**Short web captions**
-- Opening Marker --

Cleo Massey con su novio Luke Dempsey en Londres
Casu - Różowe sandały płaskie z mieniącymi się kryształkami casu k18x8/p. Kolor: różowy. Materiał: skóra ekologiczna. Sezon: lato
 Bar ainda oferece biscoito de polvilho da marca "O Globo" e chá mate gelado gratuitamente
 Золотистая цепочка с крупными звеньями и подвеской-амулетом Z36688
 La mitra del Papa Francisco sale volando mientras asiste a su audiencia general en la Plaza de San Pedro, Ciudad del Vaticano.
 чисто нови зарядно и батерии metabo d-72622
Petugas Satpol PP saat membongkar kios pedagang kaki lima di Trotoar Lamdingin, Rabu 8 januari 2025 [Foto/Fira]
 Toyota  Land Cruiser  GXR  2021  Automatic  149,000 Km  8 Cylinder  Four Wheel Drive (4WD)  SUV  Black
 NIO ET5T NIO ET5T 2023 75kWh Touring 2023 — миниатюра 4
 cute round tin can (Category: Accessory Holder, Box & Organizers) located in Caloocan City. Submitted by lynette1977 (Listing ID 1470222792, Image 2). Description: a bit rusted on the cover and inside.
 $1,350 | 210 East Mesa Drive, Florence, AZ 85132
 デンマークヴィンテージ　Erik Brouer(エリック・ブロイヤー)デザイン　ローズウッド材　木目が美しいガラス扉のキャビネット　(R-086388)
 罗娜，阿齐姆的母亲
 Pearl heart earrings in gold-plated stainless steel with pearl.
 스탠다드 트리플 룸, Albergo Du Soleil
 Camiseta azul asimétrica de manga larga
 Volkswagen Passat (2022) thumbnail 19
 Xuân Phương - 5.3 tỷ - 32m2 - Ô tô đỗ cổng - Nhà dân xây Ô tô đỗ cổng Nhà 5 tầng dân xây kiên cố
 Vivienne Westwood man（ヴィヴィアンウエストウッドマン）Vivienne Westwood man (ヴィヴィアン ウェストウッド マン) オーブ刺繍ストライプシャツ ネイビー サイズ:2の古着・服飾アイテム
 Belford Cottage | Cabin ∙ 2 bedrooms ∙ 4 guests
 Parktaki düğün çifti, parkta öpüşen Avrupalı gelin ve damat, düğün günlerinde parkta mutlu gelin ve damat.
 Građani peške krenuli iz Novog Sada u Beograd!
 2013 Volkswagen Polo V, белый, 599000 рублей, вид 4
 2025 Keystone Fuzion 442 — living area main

-- Closing Marker --

Go through the records from the first line and copy each one exactly, ending after the line that contains "스탠다드 트리플 룸, Albergo Du Soleil". Give nothing else.

Cleo Massey con su novio Luke Dempsey en Londres
Casu - Różowe sandały płaskie z mieniącymi się kryształkami casu k18x8/p. Kolor: różowy. Materiał: skóra ekologiczna. Sezon: lato
 Bar ainda oferece biscoito de polvilho da marca "O Globo" e chá mate gelado gratuitamente
 Золотистая цепочка с крупными звеньями и подвеской-амулетом Z36688
 La mitra del Papa Francisco sale volando mientras asiste a su audiencia general en la Plaza de San Pedro, Ciudad del Vaticano.
 чисто нови зарядно и батерии metabo d-72622
Petugas Satpol PP saat membongkar kios pedagang kaki lima di Trotoar Lamdingin, Rabu 8 januari 2025 [Foto/Fira]
 Toyota  Land Cruiser  GXR  2021  Automatic  149,000 Km  8 Cylinder  Four Wheel Drive (4WD)  SUV  Black
 NIO ET5T NIO ET5T 2023 75kWh Touring 2023 — миниатюра 4
 cute round tin can (Category: Accessory Holder, Box & Organizers) located in Caloocan City. Submitted by lynette1977 (Listing ID 1470222792, Image 2). Description: a bit rusted on the cover and inside.
 $1,350 | 210 East Mesa Drive, Florence, AZ 85132
 デンマークヴィンテージ　Erik Brouer(エリック・ブロイヤー)デザイン　ローズウッド材　木目が美しいガラス扉のキャビネット　(R-086388)
 罗娜，阿齐姆的母亲
 Pearl heart earrings in gold-plated stainless steel with pearl.
 스탠다드 트리플 룸, Albergo Du Soleil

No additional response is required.